Jones’ Approach: Right Attitude, Restart On Monday
MORGANTOWN, W.Va. – Reuben Jones, like many West Virginia fans, looked a bit stunned on Saturday afternoon. A few minutes after the Mountaineers’ one-sided 38-17 loss to Texas Tech, Jones appeared to be still processing his thoughts after the WVU defense yielded five touchdowns on the Red Raiders’ first five possessions.
To be fair, speaking to college-age athletes just a few minutes removed from disappointing performances can be difficult. With emotions still running high, reading too much into responses or body language can yield an inaccurate picture. However, Jones, a senior who has been through this process more than once, collected himself to offer some revealing statements concerning the events of the day.
Faced with a Texas Tech offensive line that was markedly better than the Baylor blockers of the previous week, West Virginia’s defensive front was ineffective, garnering no sacks and just two tackles for losses. That was just the opposite of what Jones expects from himself and his teammates.
“They were a decent o-line, but that’s not how you are supposed to go in the game. As a defensive lineman, you are are supposed to go into the game and dominate,” Jones observed. “That’s how you should go up against any offensive line, no matter who it is.”

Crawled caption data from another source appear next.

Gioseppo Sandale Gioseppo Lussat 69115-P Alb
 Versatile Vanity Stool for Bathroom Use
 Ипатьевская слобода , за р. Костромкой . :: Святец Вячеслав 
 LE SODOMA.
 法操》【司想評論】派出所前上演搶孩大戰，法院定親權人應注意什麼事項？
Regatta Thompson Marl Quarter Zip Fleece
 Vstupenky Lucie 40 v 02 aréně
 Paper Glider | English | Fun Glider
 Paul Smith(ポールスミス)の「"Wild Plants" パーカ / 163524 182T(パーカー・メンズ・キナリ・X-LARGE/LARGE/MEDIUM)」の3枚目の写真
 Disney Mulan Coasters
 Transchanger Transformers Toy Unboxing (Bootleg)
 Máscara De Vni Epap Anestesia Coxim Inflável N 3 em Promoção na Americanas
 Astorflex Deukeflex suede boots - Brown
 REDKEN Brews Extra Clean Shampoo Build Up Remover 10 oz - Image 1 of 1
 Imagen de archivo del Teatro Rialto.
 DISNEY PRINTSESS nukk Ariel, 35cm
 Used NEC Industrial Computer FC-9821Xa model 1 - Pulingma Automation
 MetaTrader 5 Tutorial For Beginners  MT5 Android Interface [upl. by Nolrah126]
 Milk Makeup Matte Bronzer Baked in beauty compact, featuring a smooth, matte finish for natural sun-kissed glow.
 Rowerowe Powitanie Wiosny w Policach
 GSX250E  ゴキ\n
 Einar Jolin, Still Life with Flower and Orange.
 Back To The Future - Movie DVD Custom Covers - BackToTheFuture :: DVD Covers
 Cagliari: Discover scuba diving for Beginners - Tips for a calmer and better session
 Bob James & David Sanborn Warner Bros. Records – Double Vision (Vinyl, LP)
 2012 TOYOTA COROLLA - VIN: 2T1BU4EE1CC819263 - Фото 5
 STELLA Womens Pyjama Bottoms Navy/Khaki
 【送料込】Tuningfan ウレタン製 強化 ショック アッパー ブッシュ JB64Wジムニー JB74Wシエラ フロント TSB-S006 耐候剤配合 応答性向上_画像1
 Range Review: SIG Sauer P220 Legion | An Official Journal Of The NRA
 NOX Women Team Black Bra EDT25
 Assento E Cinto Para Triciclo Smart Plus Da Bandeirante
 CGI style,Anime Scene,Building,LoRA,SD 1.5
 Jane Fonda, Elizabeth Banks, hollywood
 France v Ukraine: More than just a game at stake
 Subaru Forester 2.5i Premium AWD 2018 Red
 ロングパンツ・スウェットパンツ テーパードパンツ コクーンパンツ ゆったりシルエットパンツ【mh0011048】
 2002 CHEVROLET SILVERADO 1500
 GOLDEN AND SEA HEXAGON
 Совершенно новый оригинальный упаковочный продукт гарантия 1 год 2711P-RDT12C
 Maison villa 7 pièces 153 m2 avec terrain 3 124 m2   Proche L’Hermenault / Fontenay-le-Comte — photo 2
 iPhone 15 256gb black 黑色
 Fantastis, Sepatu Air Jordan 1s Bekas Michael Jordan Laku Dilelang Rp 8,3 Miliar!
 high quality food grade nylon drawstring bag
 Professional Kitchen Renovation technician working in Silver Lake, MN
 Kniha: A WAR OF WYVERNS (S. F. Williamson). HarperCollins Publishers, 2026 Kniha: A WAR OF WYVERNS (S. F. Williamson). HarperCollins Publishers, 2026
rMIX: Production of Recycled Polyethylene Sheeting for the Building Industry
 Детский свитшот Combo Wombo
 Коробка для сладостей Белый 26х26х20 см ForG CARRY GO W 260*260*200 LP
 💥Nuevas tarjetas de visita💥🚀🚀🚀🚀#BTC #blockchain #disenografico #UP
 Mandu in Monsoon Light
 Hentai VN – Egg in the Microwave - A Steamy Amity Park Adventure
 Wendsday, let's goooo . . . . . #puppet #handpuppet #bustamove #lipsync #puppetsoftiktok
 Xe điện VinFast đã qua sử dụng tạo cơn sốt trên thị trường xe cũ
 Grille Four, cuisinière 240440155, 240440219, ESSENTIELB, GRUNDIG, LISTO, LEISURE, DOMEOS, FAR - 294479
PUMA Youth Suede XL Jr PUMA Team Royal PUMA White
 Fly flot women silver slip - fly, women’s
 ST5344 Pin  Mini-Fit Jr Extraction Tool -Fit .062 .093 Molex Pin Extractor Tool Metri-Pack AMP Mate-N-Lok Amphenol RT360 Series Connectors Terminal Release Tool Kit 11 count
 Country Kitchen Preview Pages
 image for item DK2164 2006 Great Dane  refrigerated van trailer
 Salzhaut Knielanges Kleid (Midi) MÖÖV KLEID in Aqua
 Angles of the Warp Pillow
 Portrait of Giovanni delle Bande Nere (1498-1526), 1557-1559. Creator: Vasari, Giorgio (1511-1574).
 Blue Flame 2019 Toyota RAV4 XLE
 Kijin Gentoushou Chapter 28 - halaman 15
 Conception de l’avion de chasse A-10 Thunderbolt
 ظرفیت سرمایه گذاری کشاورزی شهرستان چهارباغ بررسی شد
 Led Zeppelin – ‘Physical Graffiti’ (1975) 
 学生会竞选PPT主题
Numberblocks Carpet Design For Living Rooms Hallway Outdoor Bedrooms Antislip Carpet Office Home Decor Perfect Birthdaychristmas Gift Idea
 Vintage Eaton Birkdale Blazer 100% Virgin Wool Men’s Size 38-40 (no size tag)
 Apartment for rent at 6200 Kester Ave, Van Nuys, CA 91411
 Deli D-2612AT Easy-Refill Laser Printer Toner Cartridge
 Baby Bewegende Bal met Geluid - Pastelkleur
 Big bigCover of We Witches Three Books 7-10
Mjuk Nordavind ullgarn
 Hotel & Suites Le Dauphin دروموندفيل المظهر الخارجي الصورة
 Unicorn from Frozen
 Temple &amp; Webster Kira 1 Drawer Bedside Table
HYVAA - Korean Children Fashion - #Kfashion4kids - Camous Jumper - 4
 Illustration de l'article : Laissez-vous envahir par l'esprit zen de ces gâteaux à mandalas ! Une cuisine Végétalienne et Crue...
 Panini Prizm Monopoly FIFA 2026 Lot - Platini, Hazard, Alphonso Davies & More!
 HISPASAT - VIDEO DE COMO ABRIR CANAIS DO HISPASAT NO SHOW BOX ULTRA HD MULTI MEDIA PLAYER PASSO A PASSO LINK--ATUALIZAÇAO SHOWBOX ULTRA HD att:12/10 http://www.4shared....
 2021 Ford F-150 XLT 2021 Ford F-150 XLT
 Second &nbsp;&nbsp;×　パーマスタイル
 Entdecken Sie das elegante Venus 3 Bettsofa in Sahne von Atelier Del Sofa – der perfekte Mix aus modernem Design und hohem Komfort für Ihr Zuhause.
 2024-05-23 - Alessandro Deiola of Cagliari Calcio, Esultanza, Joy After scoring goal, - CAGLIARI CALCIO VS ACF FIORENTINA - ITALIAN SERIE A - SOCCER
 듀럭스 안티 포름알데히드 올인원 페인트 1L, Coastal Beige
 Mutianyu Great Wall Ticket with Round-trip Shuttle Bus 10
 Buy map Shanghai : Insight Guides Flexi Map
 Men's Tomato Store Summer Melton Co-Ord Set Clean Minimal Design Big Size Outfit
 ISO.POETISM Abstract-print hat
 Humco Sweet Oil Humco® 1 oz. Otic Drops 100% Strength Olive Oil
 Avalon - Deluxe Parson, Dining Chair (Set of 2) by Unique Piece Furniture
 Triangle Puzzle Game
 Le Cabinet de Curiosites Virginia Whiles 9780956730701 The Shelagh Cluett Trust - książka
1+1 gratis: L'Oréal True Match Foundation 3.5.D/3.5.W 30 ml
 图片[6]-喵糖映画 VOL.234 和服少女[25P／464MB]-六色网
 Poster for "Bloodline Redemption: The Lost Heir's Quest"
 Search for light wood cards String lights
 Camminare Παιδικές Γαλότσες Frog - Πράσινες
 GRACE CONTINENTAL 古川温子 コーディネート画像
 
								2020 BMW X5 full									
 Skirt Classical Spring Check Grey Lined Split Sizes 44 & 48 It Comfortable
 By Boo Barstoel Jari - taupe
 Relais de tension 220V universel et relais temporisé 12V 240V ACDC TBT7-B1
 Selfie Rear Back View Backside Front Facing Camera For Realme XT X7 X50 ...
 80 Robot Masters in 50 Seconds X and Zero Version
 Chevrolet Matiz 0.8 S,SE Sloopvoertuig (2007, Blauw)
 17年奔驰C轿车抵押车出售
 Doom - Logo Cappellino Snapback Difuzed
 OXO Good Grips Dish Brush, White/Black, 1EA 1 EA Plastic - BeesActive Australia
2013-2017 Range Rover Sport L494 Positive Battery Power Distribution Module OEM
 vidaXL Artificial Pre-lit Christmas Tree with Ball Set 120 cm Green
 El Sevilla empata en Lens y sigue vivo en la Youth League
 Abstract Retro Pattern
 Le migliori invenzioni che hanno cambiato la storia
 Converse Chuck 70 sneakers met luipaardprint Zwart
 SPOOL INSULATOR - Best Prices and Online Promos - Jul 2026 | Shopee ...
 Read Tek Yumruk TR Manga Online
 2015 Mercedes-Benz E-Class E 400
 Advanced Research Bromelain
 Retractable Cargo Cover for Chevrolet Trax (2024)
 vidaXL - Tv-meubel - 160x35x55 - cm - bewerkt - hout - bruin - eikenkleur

Whether West Virginia’s defenders thought they would repeat last week’s eight-sack performance, or whether they were suffering from a bit of an emotional hangover after losing that very winnable game against the Bears, Jones wouldn’t say directly. However, he did address West Virginia’s big early deficit, which may have had an effect on how the team competed. The Mountaineers fell behind 28-3 in the second quarter, putting the Red Raiders in easy command of the contest.
“As a defense, really offense, special teams, whatever, regardless you should go out and play ball and look at the scoreboard later on,” the veteran lineman said. “That’s how you should approach it. Regardless of the situation, you shouldn’t be looking at the points or the scoreboard. Play your heart out, leave it out there, and what happens, happens.”
Jones, who has been praised by both head coach Neal Brown and defensive coordinator Vic Koenning for his relentless effort and leadership, will have those traits tested even more heavily in the final three weeks of the regular season. With bowl chances on life support and the team mired in a five-game losing streak, motivation could be in short supply. It will be up to senior leaders like Jones to reinforce the “hang in there” message the coaching staff will be delivering.
“If you want to win, when you lose it shouldn’t feel good. If you invest time, watch film and practice, (losing) shouldn’t feel good,” he reiterated. “But you feel how you feel and then Monday it’s time to go to work. We just have to work harder. We have to go out there and apply what we are coached to apply. On Monday we have to go to work. That’s what I’m going to do.”